===== AVAILABLE DATA

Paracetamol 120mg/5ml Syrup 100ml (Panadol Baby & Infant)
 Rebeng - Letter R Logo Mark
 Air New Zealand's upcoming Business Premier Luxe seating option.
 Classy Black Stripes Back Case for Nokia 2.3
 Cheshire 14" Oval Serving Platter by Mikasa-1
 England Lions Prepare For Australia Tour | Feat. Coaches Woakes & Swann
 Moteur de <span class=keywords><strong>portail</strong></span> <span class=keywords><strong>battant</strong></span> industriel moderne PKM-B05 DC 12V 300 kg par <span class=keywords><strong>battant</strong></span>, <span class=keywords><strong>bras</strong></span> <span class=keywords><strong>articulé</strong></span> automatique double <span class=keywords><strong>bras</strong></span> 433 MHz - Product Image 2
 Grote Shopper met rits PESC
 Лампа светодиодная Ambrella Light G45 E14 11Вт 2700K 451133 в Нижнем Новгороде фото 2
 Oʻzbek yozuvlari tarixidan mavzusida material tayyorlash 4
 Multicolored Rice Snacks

==========

**ABOUT THIS TASK:** Write out all the material exactly, keeping each word.

**REPLY TO THE TASK:**
Paracetamol 120mg/5ml Syrup 100ml (Panadol Baby & Infant)
 Rebeng - Letter R Logo Mark
 Air New Zealand's upcoming Business Premier Luxe seating option.
 Classy Black Stripes Back Case for Nokia 2.3
 Cheshire 14" Oval Serving Platter by Mikasa-1
 England Lions Prepare For Australia Tour | Feat. Coaches Woakes & Swann
 Moteur de <span class=keywords><strong>portail</strong></span> <span class=keywords><strong>battant</strong></span> industriel moderne PKM-B05 DC 12V 300 kg par <span class=keywords><strong>battant</strong></span>, <span class=keywords><strong>bras</strong></span> <span class=keywords><strong>articulé</strong></span> automatique double <span class=keywords><strong>bras</strong></span> 433 MHz - Product Image 2
 Grote Shopper met rits PESC
 Лампа светодиодная Ambrella Light G45 E14 11Вт 2700K 451133 в Нижнем Новгороде фото 2
 Oʻzbek yozuvlari tarixidan mavzusida material tayyorlash 4
 Multicolored Rice Snacks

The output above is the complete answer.